Again, there are all sorts of problems about this document, and it is unnecessary to enumerate them all, but for present purposes it is relevant to draw attention to three points. First, on this occasion Mr Kingshill has appreciated that the daughters, and not the trustees, own the lease, but he still considers that the settlement has some sort of interest. If it had some interest, the trustees ought to have been parties, yet they were not. Secondly, the circumstances and its terms tend to indicate that it was very much on the cards that the Wolffs would want to stay in the house for the rest of their lives (or certainly for a considerable period), although it provides for what is to happen if they do not. To that extent this material supports the case of the Wolffs that they were not told that there was or might be any problem should they wish to do so after the commencement of the term of the lease. Thirdly, it demonstrates that Mr Kingshill had not got to grips with the transaction, since it was manifestly inadequate to achieve its purpose. If the idea was to be able to require the daughters to join in a sale of the unencumbered freehold, far more than this agreement was required.
In the autumn of 2001 the Wolffs were reconsidering their wills. To that end they instructed Bircham Dyson Bell (Mr Lewin). They asked for and obtained the scheme documents and began to appreciate the inconsistencies within them. They asked Mr Kingshill about them and he replied (inter alia):
“The intention was (and I believe it is effective) for the daughters to have the leasehold and the Trustees to hold it on their behalf. As both deeds were completed on the same day, I think that the Lease forms part of the Trust and is therefore held by me on behalf of the Trustees.”

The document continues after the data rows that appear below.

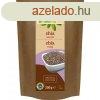 BioMen BIO CHIA mag 250 g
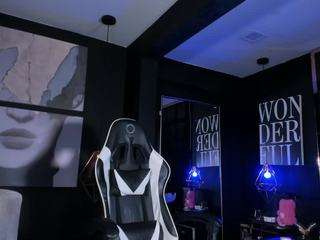 valeryduglass webcam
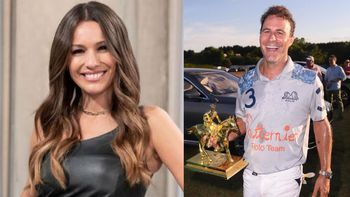 que respondio pampita cuando le preguntaron si se enamorara de martin pepa que respondio pampita cuando le preguntaron si se enamorara de martin pepa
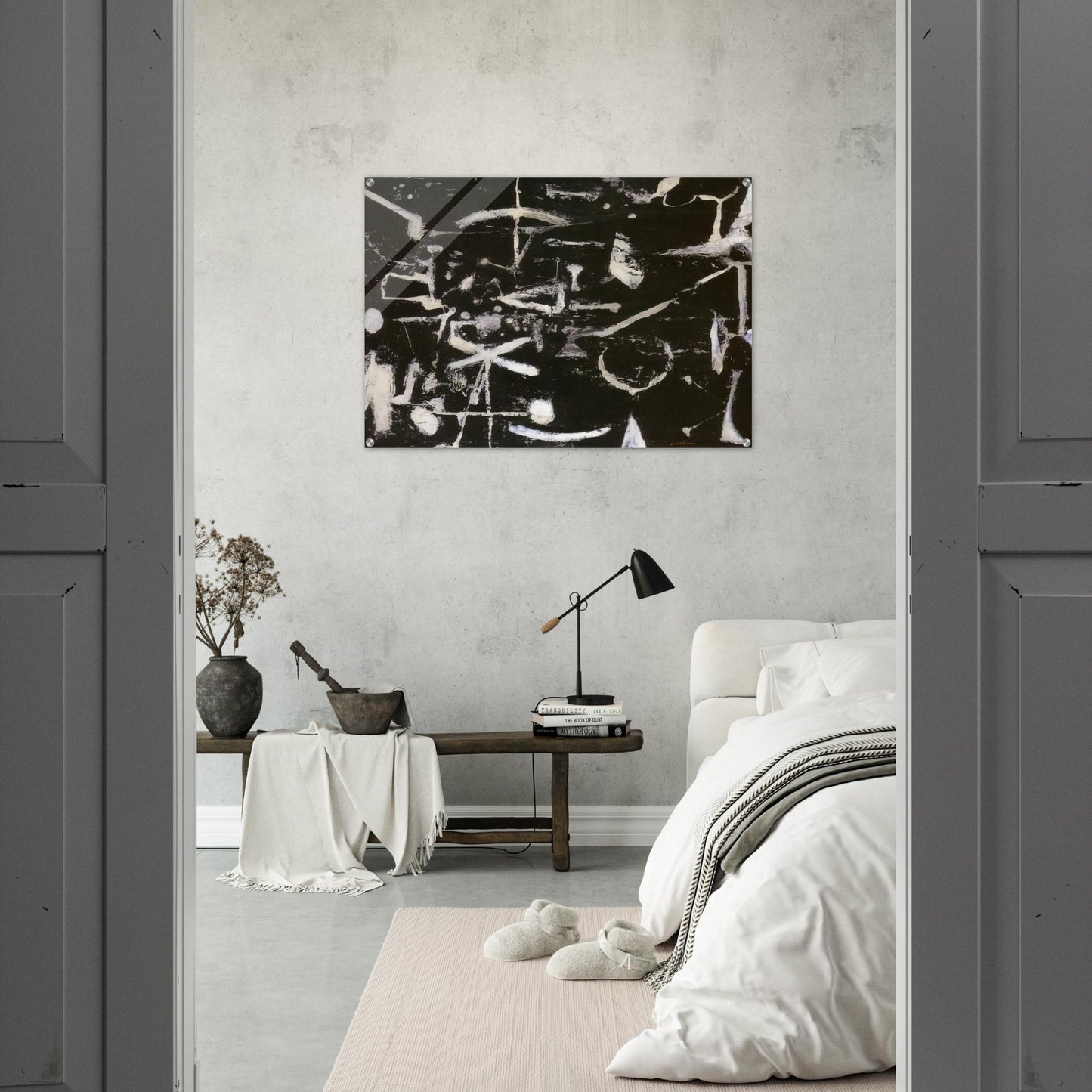 5ebaaaa4-dd1d-40d5-8c57-8667e4da5c9d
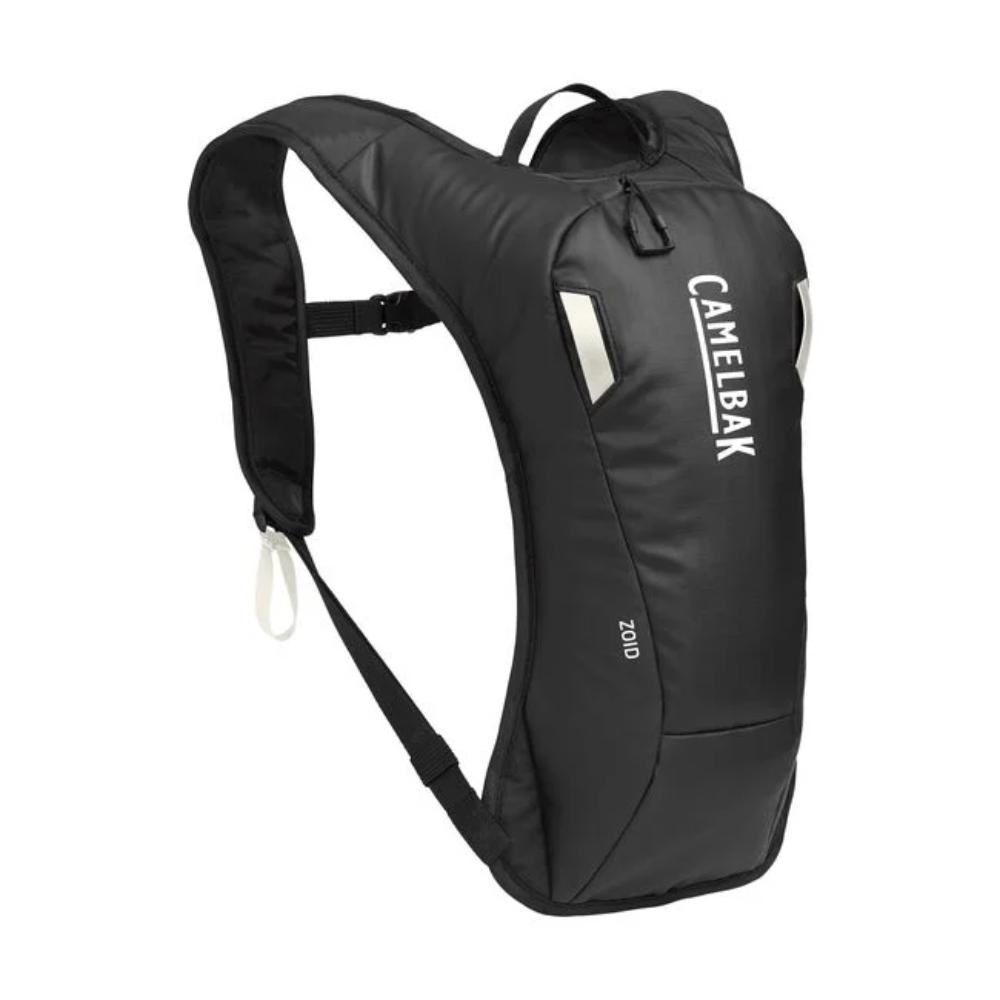 Camelbak - Zoid - Black White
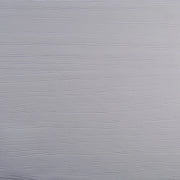 Cashel Dove Grey Ash Grain Effect Made-to-Measure Kitchen Door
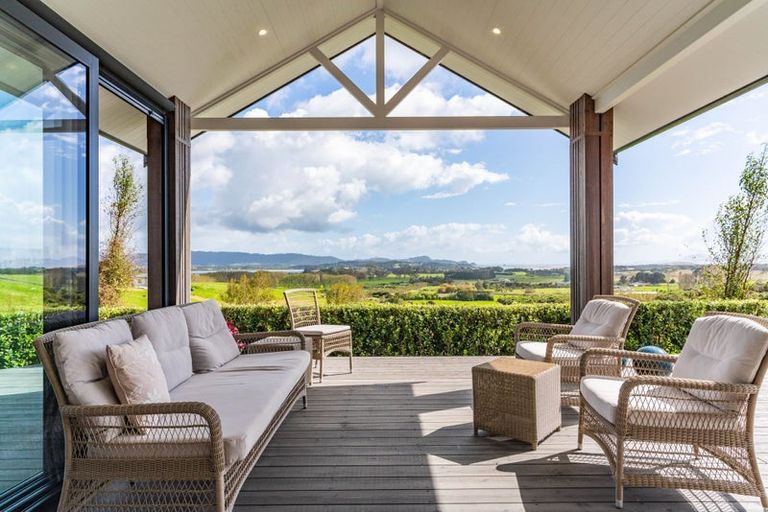 Photo of property in 77 Coal Hill Road, Mangawhai, Wellsford, 0975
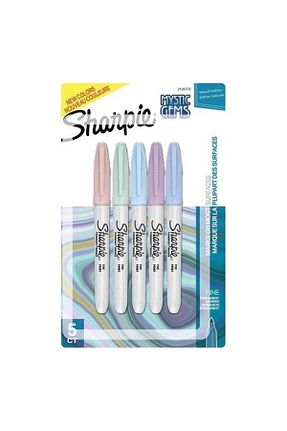 مارکر رنگی Sharpie - کد 269471634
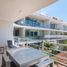 Condominium 2 chambre à vendre à Cozumel, Quintana Roo, Cozumel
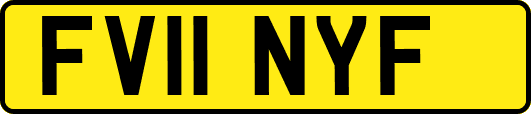 FV11NYF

Yet again he failed to appreciate the defects in his documentation.
The issues arising
It was at some point shortly after that that the Wolffs were informed of an aspect of this matter which lies at the heart of the application before me. They were told of something that they tell me they had not hitherto appreciated, namely that from June 2017 they had no right to stay in the house and were at the mercy of their daughters or their successors in title to the lease. They say they had not appreciated that. If the daughters in fact allowed them to stay on free of charge, then the tax implications of that would be likely deprive the scheme of its inheritance tax saving features (and render it pointless) since the Wolffs would be continuing to receive a benefit. That could be avoided by their paying a market rent for the property, but they could not afford to do that, and never intended to do so. They say that none of this was pointed out to them by Mr Kingshill and had he done so they would never have entered into the scheme. They did so believing that it gave them the right (or did not deprive them of the right) to live in the house for as long as they wanted. Their then current plans were to live in the house well into their old age, if not for the rest of their lives, and they had carried out certain adaptations to facilitate that. Had they appreciated that the lease deprived them of the right to live in the house, they would not have entered into it.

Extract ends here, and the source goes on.